Hacker News new | comments | show | ask | jobs | submit login
How copying an int made my code 11 times faster (medium.com)
168 points by tdurden on Feb 19, 2017 | hide | past | web | favorite | 51 comments



This reminds me of this classic StackOverflow question:

Why is it faster to process a sorted array than an unsorted array?

https://stackoverflow.com/questions/11227809/why-is-it-faste...


I wrote up a small script to test this out for python (at bottom of this post). The results on my laptop are about 8.0 seconds for unsorted and 7.6 seconds for the sorted version. I'm assuming that the discrepancy for python is much smaller due to the slow nature and high overhead of the language (or at least the way I've used it here), but I would be interested to know: how would one go about finding out what the python interpreter is doing beneath the surface?

Edit: After running with a wider range of parameters, it seems that the difference is always roughly the same order of magnitude. To investigate further, I included the sort into the second timing to double check and for 3276800 elements it's still a bit faster overall when you sort the array.

  #!/usr/bin/env python
  import time
  import numpy as np
  
  def main(n=32768):
      arr = np.random.randint(0, 256, n)
      t0 = time.time()
      sum1 = do_loop(arr)
      t1 = time.time()
  
      arr = np.sort(arr)
      t2 = time.time()
      sum2 = do_loop(arr)
      t3 = time.time()
  
      assert sum1 == sum2
      print(" Unsorted execution time: {} seconds".format(t1-t0))
      print(" Sorted execution time:   {} seconds".format(t3-t2))
  
  def run_many(func):
      def wrapper(arg):
          for t in range(1000):
             func(arg)
          return func(arg) 
      return wrapper
  
  @run_many
  def do_loop(arr):
      tot = 0
      for i in arr:
          if i >= 128:
              tot += i
      return tot
  
  if __name__ == '__main__':
      main()


I tried this on my machine, then tried a pure Python version; I only changed three lines, to:

  import random
  ...
  arr = [random.randint(0, 256) for x in range(n)]
  ...
  arr = sorted(arr)
Here are my times:

  $ time python2.7 hackernews_13682929.py 
   Unsorted execution time: 4.33348608017 seconds
   Sorted execution time:   4.09405398369 seconds
  
  $ time python3.5 hackernews_13682929.py 
   Unsorted execution time: 4.4200146198272705 seconds
   Sorted execution time:   4.188237905502319 seconds
  
  $ time python2.7 hackernews_13682929_purepython.py
   Unsorted execution time: 0.981621026993 seconds
   Sorted execution time:   0.832424879074 seconds
  
  $ time python3.5 hackernews_13682929_purepython.py
   Unsorted execution time: 1.3005650043487549 seconds
   Sorted execution time:   1.157465934753418 seconds
  
  $ time pypy hackernews_13682929_purepython.py
   Unsorted execution time: 0.239459037781 seconds
   Sorted execution time:   0.0910339355469 seconds
As you can see, the pure Python version is faster than the Numpy version, and also has a larger margin between unsorted and sorted. PyPy is of course faster than both, and also has an even greater margin between unsorted and sorted (2.63x faster).

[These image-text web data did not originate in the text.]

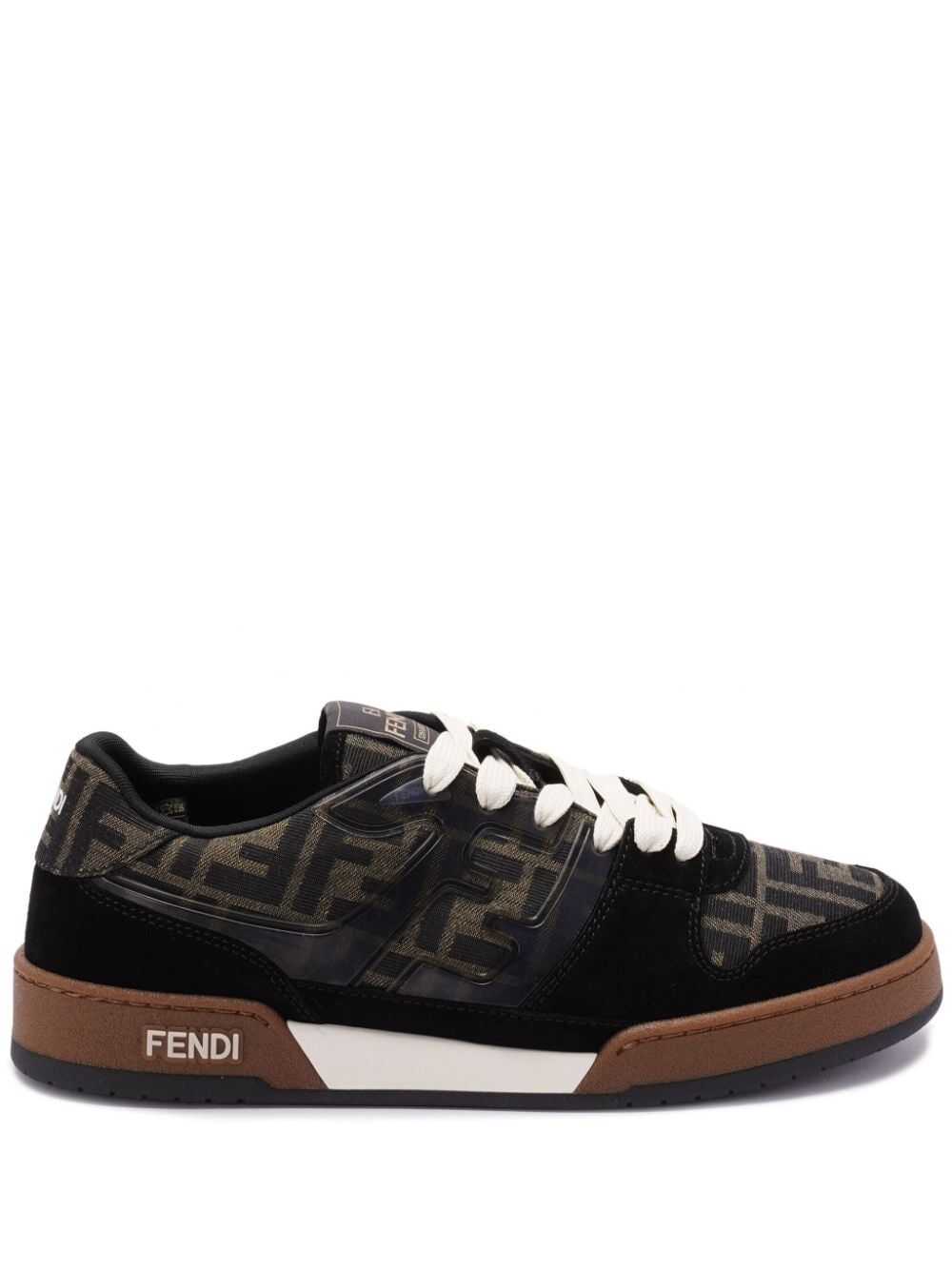 Fendi Sneakers - Black | e72f7bb0507ad142919a21413b8cdd05307c4327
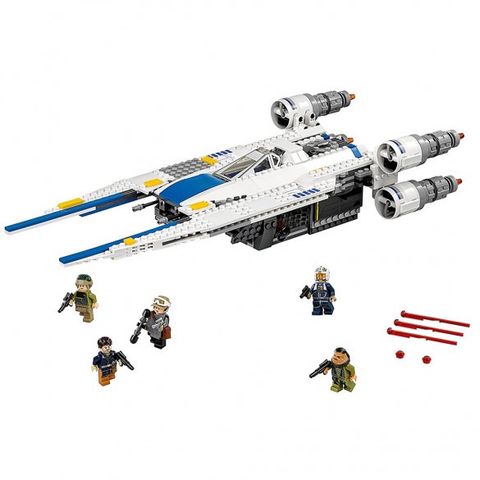 Lego Star Wars 75155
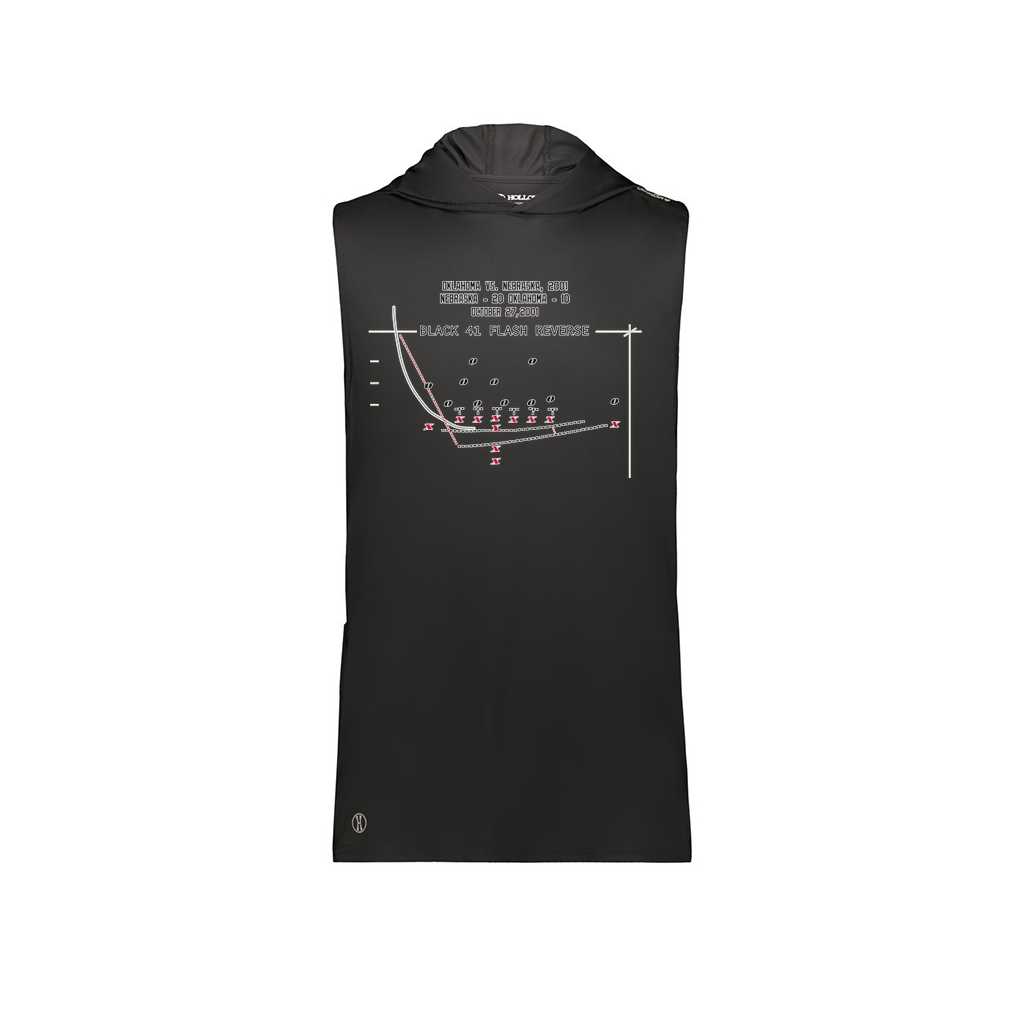 Men's CoolDry Sleeveless Hoodie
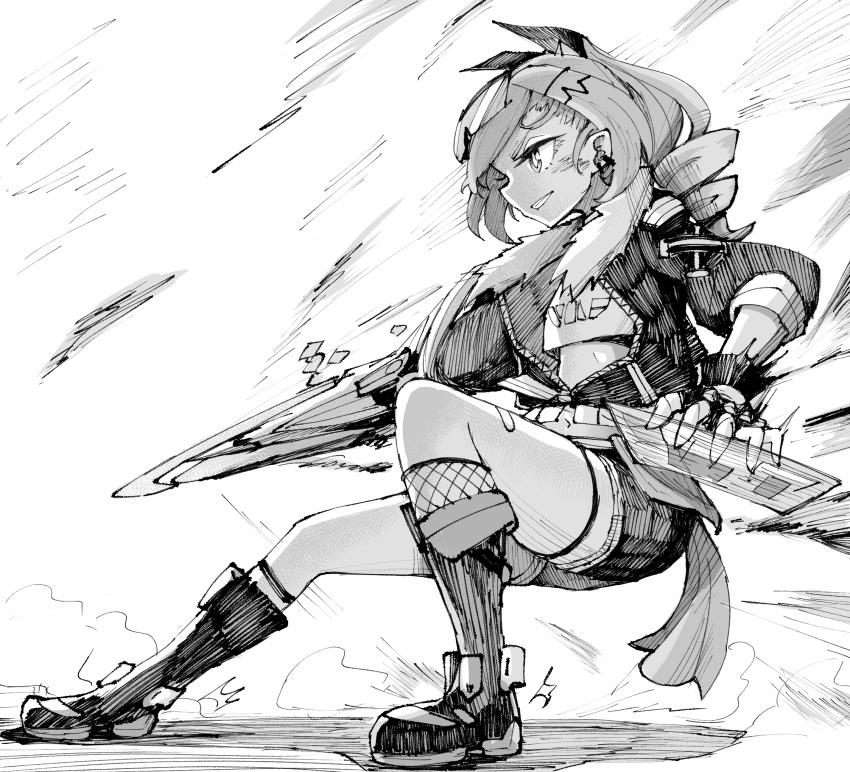 1girl, 6sakuu, full_body, grey_hair, highres, holographic_interface, honkai:_star_rail, honkai_(series)
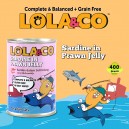 Lola Co Canned Food Cat
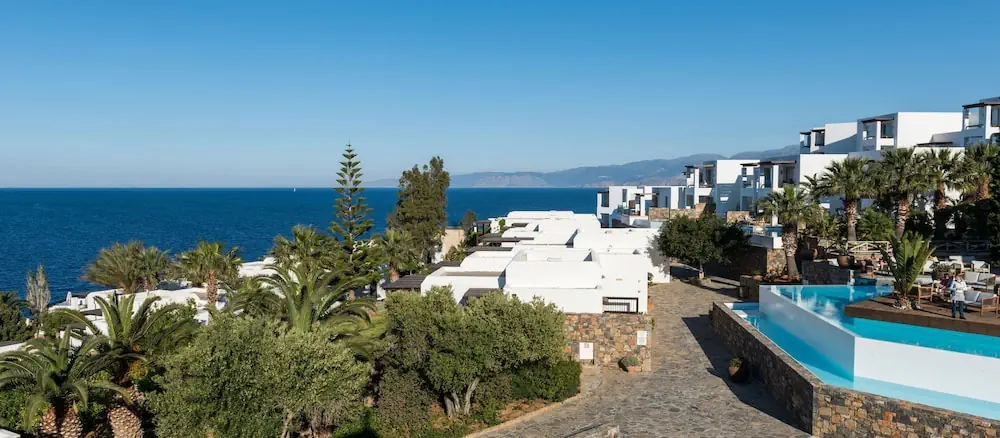 HOTEL: Aquila Elounda Village Resort, Suites and Spa - Adults Only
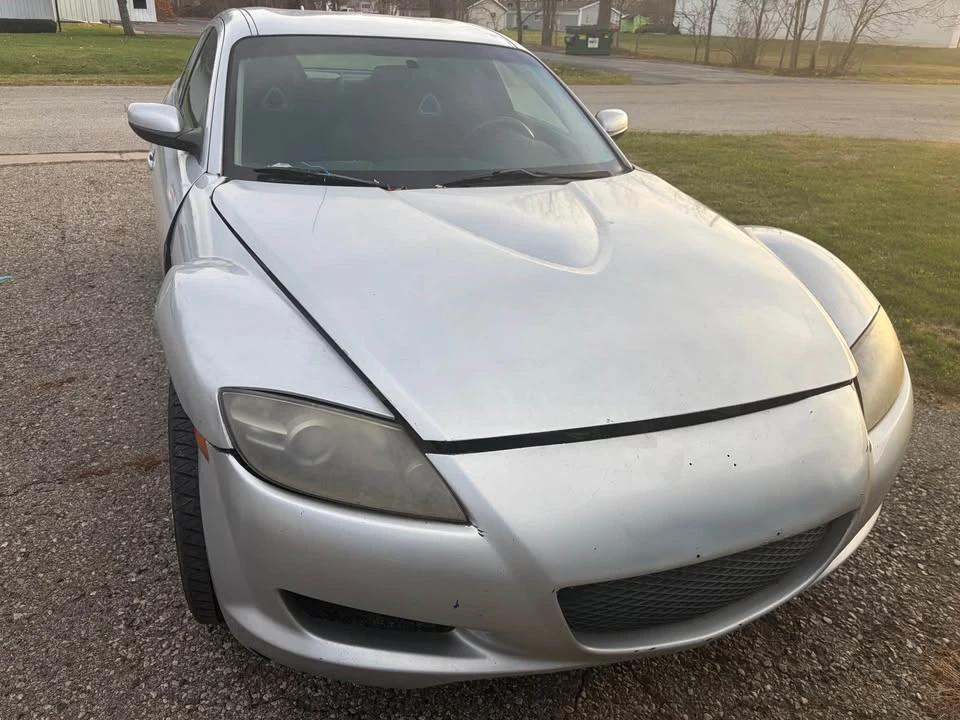 2005 Mazda RX-8 1st Gen - Image 2 of 3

Good call on going pure python. To take this a bit further I made your changes and used numba with @jit(nopython=True, cache=True), for some interesting results. If I do include the sorting into the timing:

    Unsorted execution time: 0.2175428867340088 seconds
    Sorted execution time:   1.133354663848877 seconds
And if I don't:

    Unsorted execution time: 0.21171283721923828 seconds
    Sorted execution time:   0.08376479148864746 seconds


Using python for micro benchmarks usually doesnt work. The mere fact you use python says you dont care about performance, but convenience.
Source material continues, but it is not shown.